The canyon was so different from what we saw at the Grand Canyon, Kings Canyon, Zion, or Bryce Canyon. Its dark grey walls were streaked with white and fell in dramatic jags more than 2000 feet to the Gunnison River below. While Josh and I were enjoying the beauty of the overlook, the kids started working on their junior ranger booklets. I couldn’t keep myself from occasionally checking out the stability of the overlook structure because the steep canyon walls meant that there was nothing to break a fall to the bottom. *shudder*
Since it was nearly lunch time, we decided to head back to Montrose, let the kids work on their booklets during lunch, and then drive back afterward to see more of the park. We found a brewpub called Horsefly Brewing Company that was highly rated online, and while the food was good, the kids had plenty of time to work on their booklets because the kitchen was painfully slow.
Participation in a ranger-led program was required to earn the junior ranger badge at this park, so back at the park we joined one already in progress on the 1.6 mile Warner Point Trail. Juniper and pinyon pines lined the trail, and Josh and the kids followed the junior ranger book’s directions to get an up close look at the forest floor.
|The place was packed, but the kitchen was slow.|
|Josh was a little more willing to go all in on checking out the forest floor than Knox was. He preferred to squat.|
|Getting an ant's eye view of the ecosystem.|
The ranger explained that there are no trails to the bottom of the canyon but that this doesn’t stop intrepid hikers from doing it anyway. Josh had read one author who explained the hike to the bottom as more like controlled falling. Hikers who want to go off trail must apply for a wilderness permit, and rangers limit the number of permits given. Our trail guide told us about the many times that hikers have had to be rescued and easily convinced us to stay on the safe side of this wilderness sign.
After the trail, we went to check out the famous Painted Wall of the canyon which at 2250 feet is the highest vertical wall in the state of Colorado. To give you some perspective, the Willis Tower (formerly the Sears Tower) in Chicago is 1450 feet high. The white streaks that give Painted Wall its name are actually veins of pegmatite, a type of granite. We took in the stunning views and then went back to the visitors’ center to let the kids collect their next badge.

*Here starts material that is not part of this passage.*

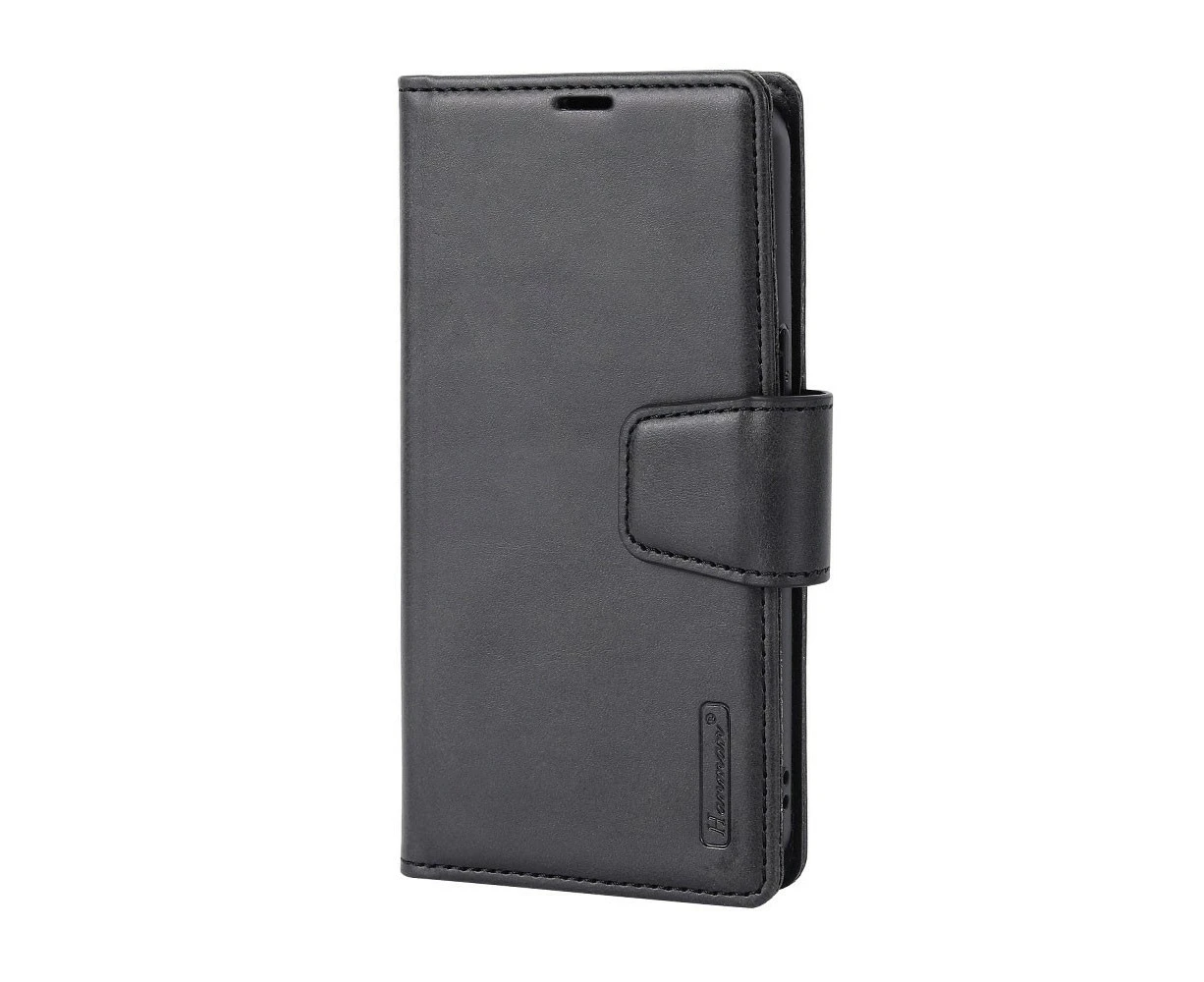 Hanman 2 in 1 Detachable Magnetic Flip Leather Wallet Cover Case for iPhone 16 Pro Max Black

|I was happy to stay on the marked trails, thank you very much.|
|Painted Wall with the Gunnison River below|
|Enjoying the view|
From there, it was nearly a four hour drive to our next destination, Great Sand Dunes, so we piled in the car and took off, marveling at the beauty of Colorado along the way. Small roadside streams surely filled with native fish called to Josh as we drove, and we decided then and there that this definitely would not be our last trip to this area.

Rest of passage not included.